Calculate the empirical and parametric megathrust POE (Eqs. 16 and 18).

Results

Data used in this study is Earthquake Catalogue Data taken from International Seismological Centre (1904–2019) (International Seismological Center 2023). In this study, the data is filtered to earthquakes that happened around the Banten Region with additional latest data from Wikipedia up to 2022. The data consist of 60 earthquake epicenters. The variables used are the magnitude of the earthquake in each epicenter, M, the depth of the earthquake epicenter, H, and latitude and longitude of the subject locations i, $\phi _i$ and $\lambda _i$. Most of the epicenters were located in the Indian Ocean area (located to the left and below Banten Region) and the Java Sea (water area above Banten Region).

In this study, we build the catastrophe model for 12 major areas in the Banten–Jakarta Region, two provinces close to the center of the Indonesian government, based on earthquake epicenters located in the Banten Region. The 12 major areas include Ujung Kulon, Lebak, Cilegon, Pandeglang, Serang City, Tangerang City, West Jakarta, South Tangerang, South Jakarta, North Jakarta, Central Jakarta, and East Jakarta. However, the PGA calculation involving the D-vine copula was only carried out in the seven areas with the strongest dependencies, among others. Figure 2 provides the maximum value of the original PGA from 60 epicenters at each of 12 major areas in the Banten–Jakarta Region, ranging from, approximately, 0.10–0.25 g. The farther the subject location is from the epicenter, the smaller the PGA value.

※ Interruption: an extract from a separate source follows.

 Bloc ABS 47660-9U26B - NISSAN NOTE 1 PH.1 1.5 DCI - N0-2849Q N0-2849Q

Based on Fig. 2, we assume that the clustered locations at the top right of the map have very strong dependencies because the distance between the locations is quite close. However, to strengthen the assumption, we calculate the dependencies of the original PGA between locations. Figure 3 provides the PGA correlation pairs.

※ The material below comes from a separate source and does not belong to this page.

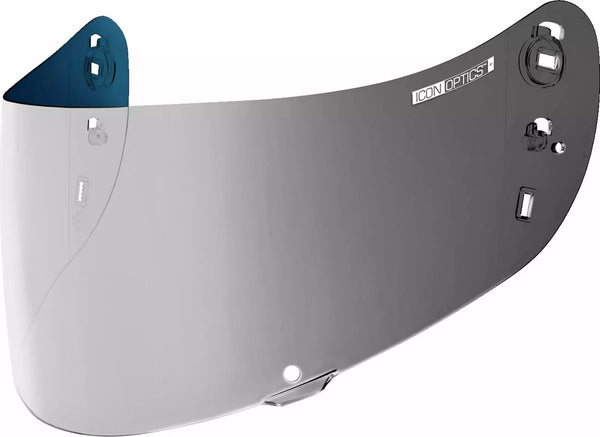 Икона Shield Optics Warboy Chrome 0130-1351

Based on Fig. 3, very strong dependencies are shown by the areas closer to Jakarta (provided by the bottom right of the pairs), including Tangerang City, West Jakarta, South Tangerang, South Jakarta, North Jakarta, Central Jakarta, and East Jakarta. As supporting evidence, Fig. 4 provides the Pearson correlation coefficient, Spearman’s rho, and Kendall’s tau rank correlation, whose absolute values are greater than 0.50. The three measures are used to accommodate all possible dependency structures of the PGA events between locations, both linear and nonlinear.

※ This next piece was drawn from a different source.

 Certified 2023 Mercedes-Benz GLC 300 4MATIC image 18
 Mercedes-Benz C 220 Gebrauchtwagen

The darker the circle color in the correlation plot, the stronger the dependency. From the three dependence measures, we obtain some areas having very strong dependencies (greater than 0.90), consisting of Tangerang City, West Jakarta, South Tangerang, South Jakarta, North Jakarta, Central Jakarta, and East Jakarta. This proves our previous hypothesis. Therefore, we limit our analysis to these seven areas as this study focuses on showing that ground motions due to earthquake events are interrelated between adjacent locations, which have so far been assumed to be independent of each other.

To simplify the analysis, we assign a number to each area as follows: (1) Tangerang City, (2) West Jakarta, (3) South Tangerang, (4) South Jakarta, (5) North Jakarta, (6) Central Jakarta, and (7) East Jakarta.

Following the next step in our proposed modeling, the marginal distribution of the PGA in each location can be identified by evaluating the shape of its histogram. Figure 5 shows the histogram of the PGA for the seven major areas.

The histograms show that the data are not normally distributed. Therefore, we further perform the marginal distribution fitting process and obtain the results of the marginal distribution for each location along with the parameter estimates which are provided in Table 3. The results show that the marginal distribution that best fits the PGA value for all locations is the log-normal distribution. These results are consistent with the histogram which shows the data pattern tends to be positively skewed, where those kind of data pattern is more of a log-normal distribution.

Table 3 Marginal distribution fit

Full size table

Furthermore, the tree structure and the parameter estimates of the D-vine copula are provided in Fig. 6 and Table 4.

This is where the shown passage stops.